Trips with kids are tricky.  Everyone’s always glad to see them when you arrive, but someone’s gotta take that bullet.  That bullet has a name, people, and it’s “infant lap sit”. In my case, a second bullet was named “red-eye”.

For starters the word “infant” is probably a misnomer at this point. The boy is a toddler now.  You can tell by the way he was tearing all over the terminal grabbing down every package he could reach from every shop.  Which also implies the “sit” of “lap sit” may be inaccurate.  He was running, squealing, giving high fives, and only standing still with a studied nonchalance next to anyone eating a snack.

They adored him.

In only a few eyes did I see my own anxiety reflected back, “This child will be on a red-eye with me.”

Because boundless energy is adorable until it is confined to your lap or, worse yet, the lap next to you.

He did okay, that is, he only bothered me.
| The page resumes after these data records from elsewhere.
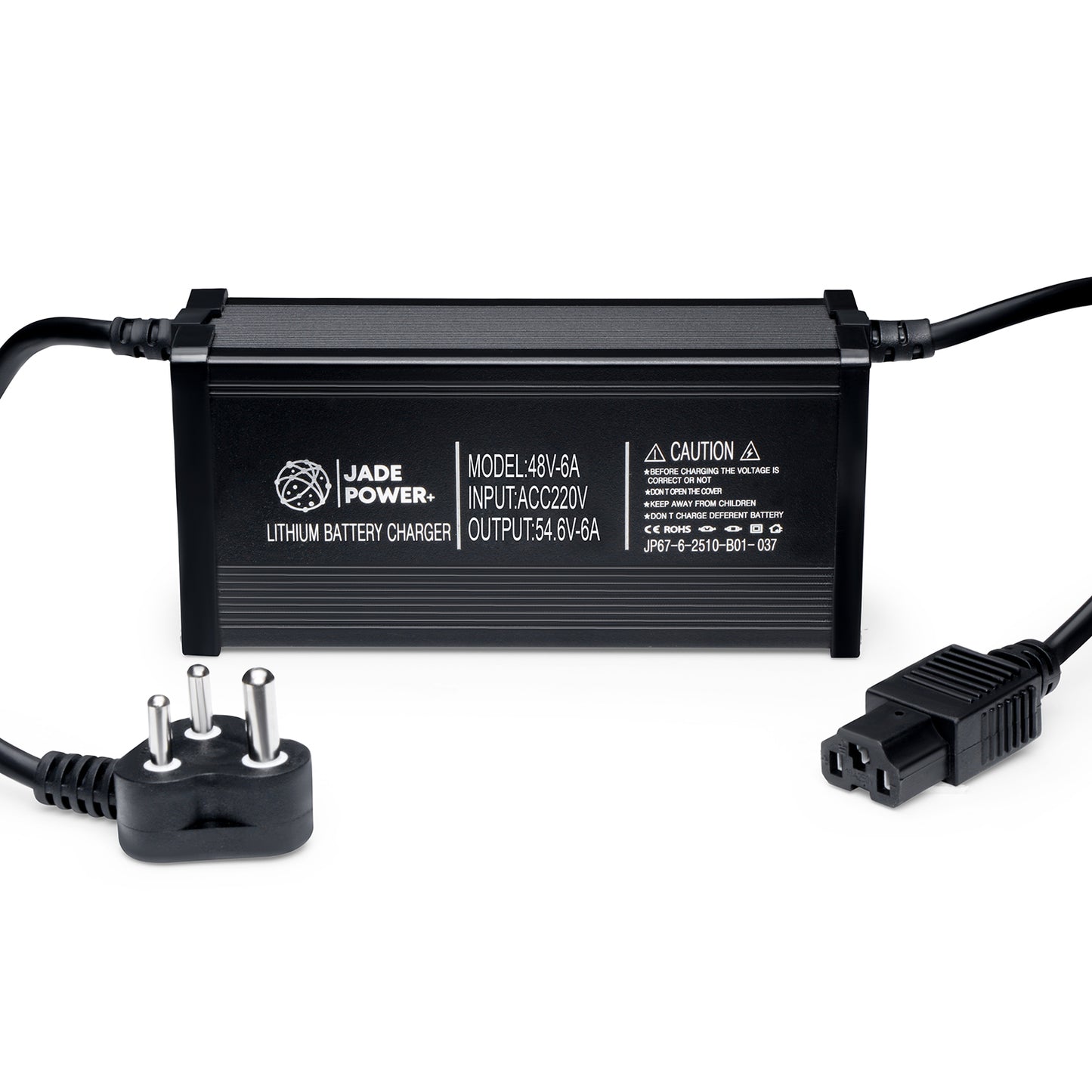 48V / 54.6V 6A Charger for Electric Scooter & Bike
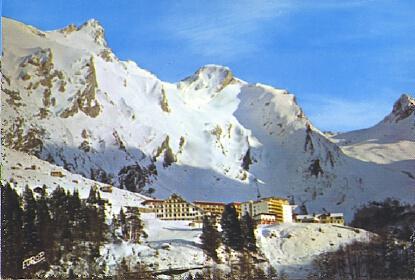 POSTAL 61301: Estacion esqui Gourette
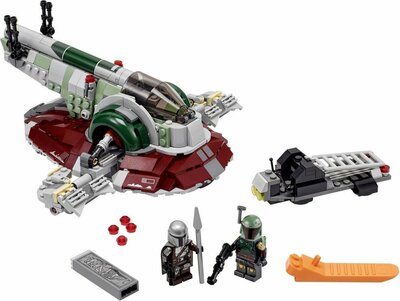 75312 LEGO Star Wars Boba Fett’s Sterrenschip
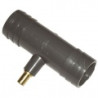 JONCTION DE VIDANGE ANTISIPHON 2X19MM.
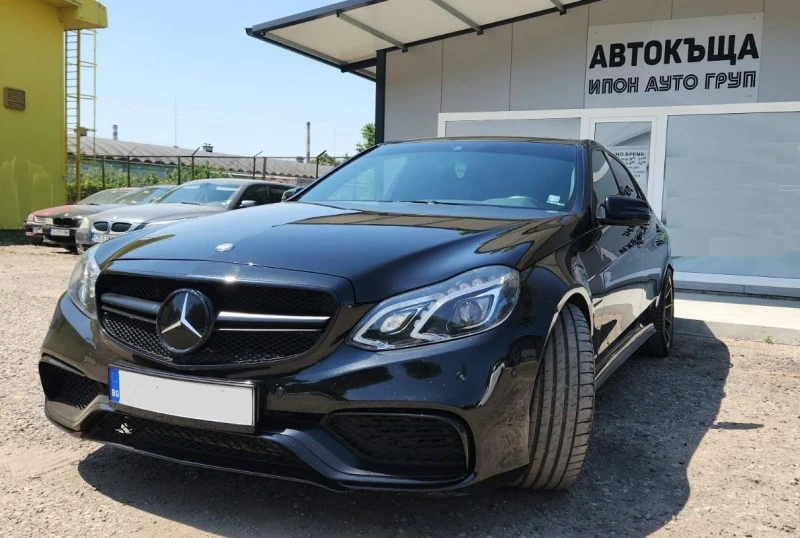 Mercedes-Benz E 63 AMG 525hp , снимка 1 - Автомобили и джипове - 46557525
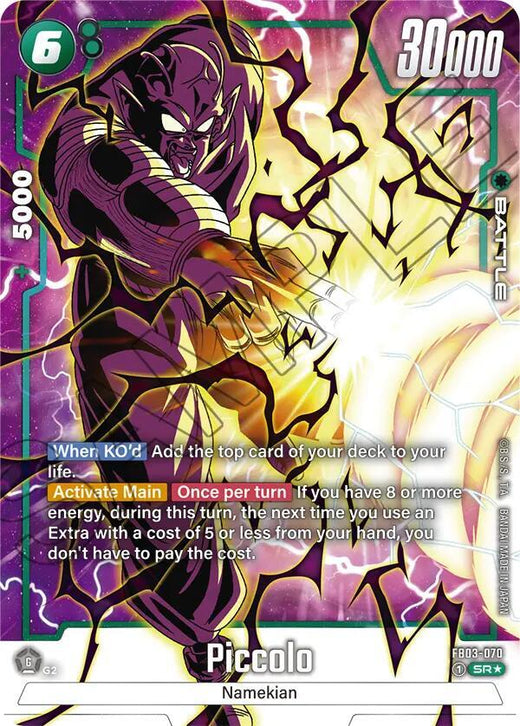 Piccolo FB03-070 SR AA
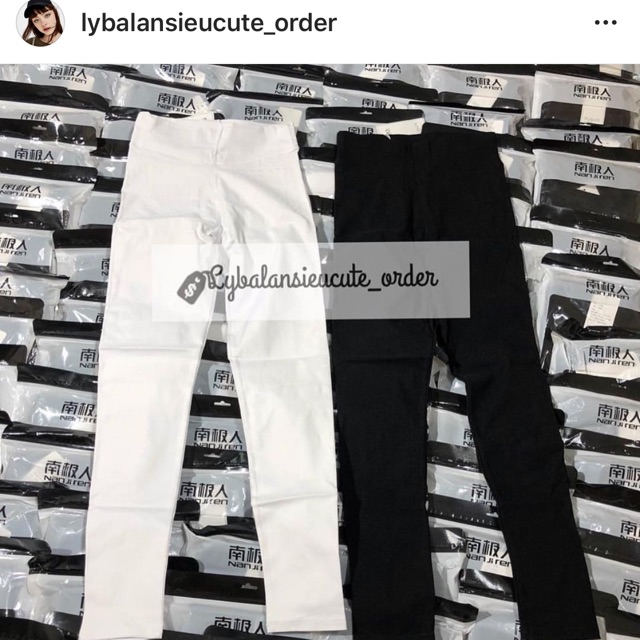 Quần tregging trơn or có khuy+2% shopee | BigBuy360 - bigbuy360.vn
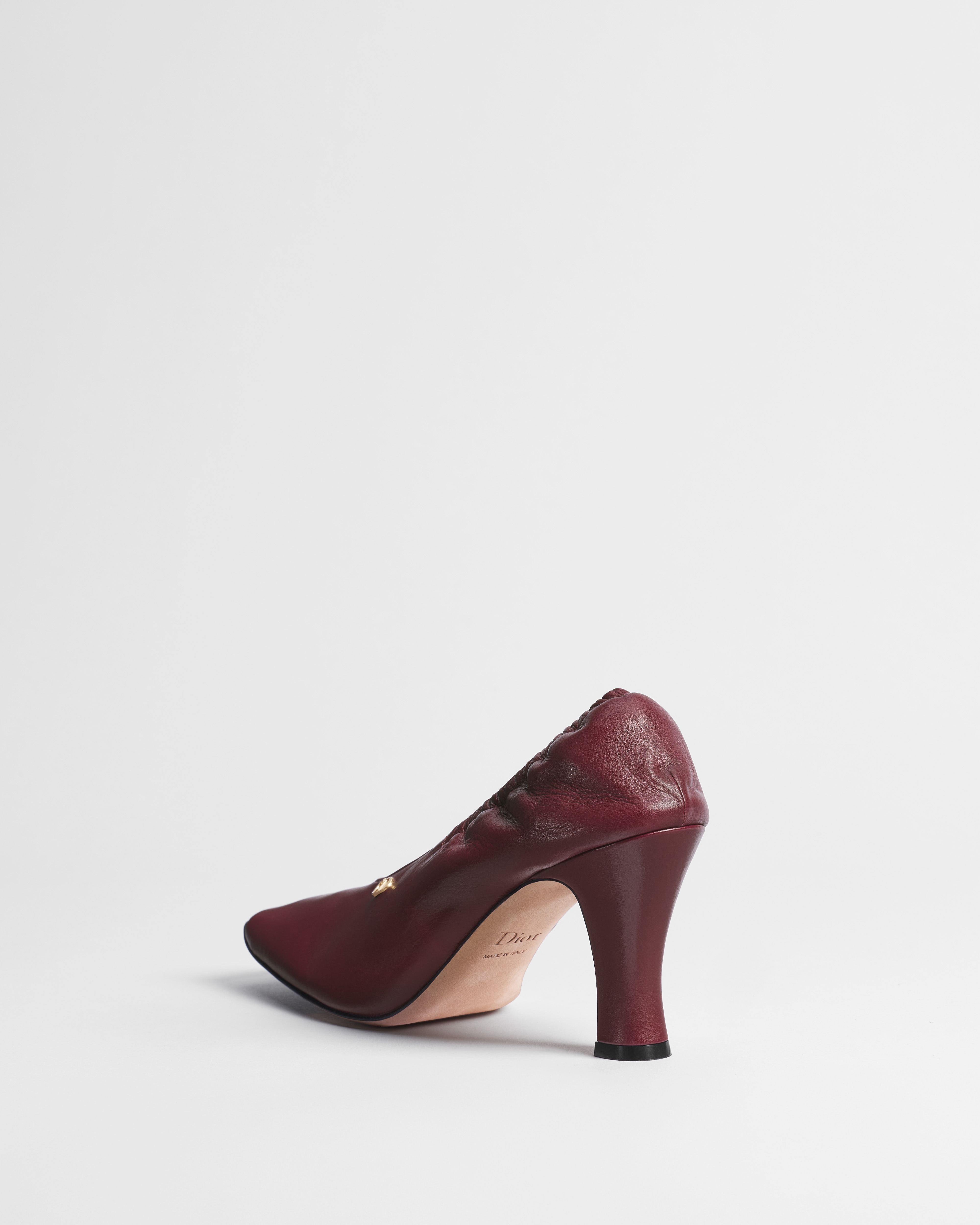 Dior Sunset Pump Hermitage Red Lambskin E05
Holding a sleeping toddler for the duration of a six-hour red eye when every passerby is intent (as if they could avoid it) on hitting his head or feet, isn’t conducive to dozing off.  So, I hadn’t got but half an hour of sleep when we hit New York at five am.  Luckily, I have been in training for this contingency for about six years now.

On the way back, things were looking good, he was hitting the peak of his squirmy-fussy-overtired quotient when I got him on tap (again!) and saw his body finally surrender to the sweet familiar cradle of Mommy’s arms.

And then, at this moment, the young lady next to me flips on her overhead light and pulls out a giant crate of grapes. I groaned the inward groan of a dozen deaths!  Suddenly it’s Disneyland three inches away from his face.  He sits up and starts making friends.

He baby talks at her something like, “So, I see you have some grapes there.”

And, “Did you know grapes are my favorite food ever?”

And, “Seriously, I prefer anything the exact diameter of my larynx.”

He signed for grapes again and again. To her credit she gave him a few.

I kept turning him around and signing “all done”, but he knew better, he saw the crate. They were far from all done.  And she would pick at them slowly over the next four hours.

It stopped being a problem when I got him to sleep. I had to stand up and get my carrier down and pace the aisle a few times, but he went to sleep finally.  And I was able to get out my ear buds, watch some junk TV, and eat a snack without sharing.

In short, we survived, which gets tallied in the Mommy columns as a “win”.

And wouldn’t you know it, as we were disembarking, not one, not two, but a total of three people said to me, “My, he did so well!”

4 responses »

  1. Wow, he really did so well!! We travel a good amount by plane and believe me, our trips are not nearly as peaceful. Last time in particular I remember my son screaming bloody murder for over half an hour. Everyone kept asking me what was wrong, like I was hurting him or something. 🙂

    The grape story really did crack me up though!!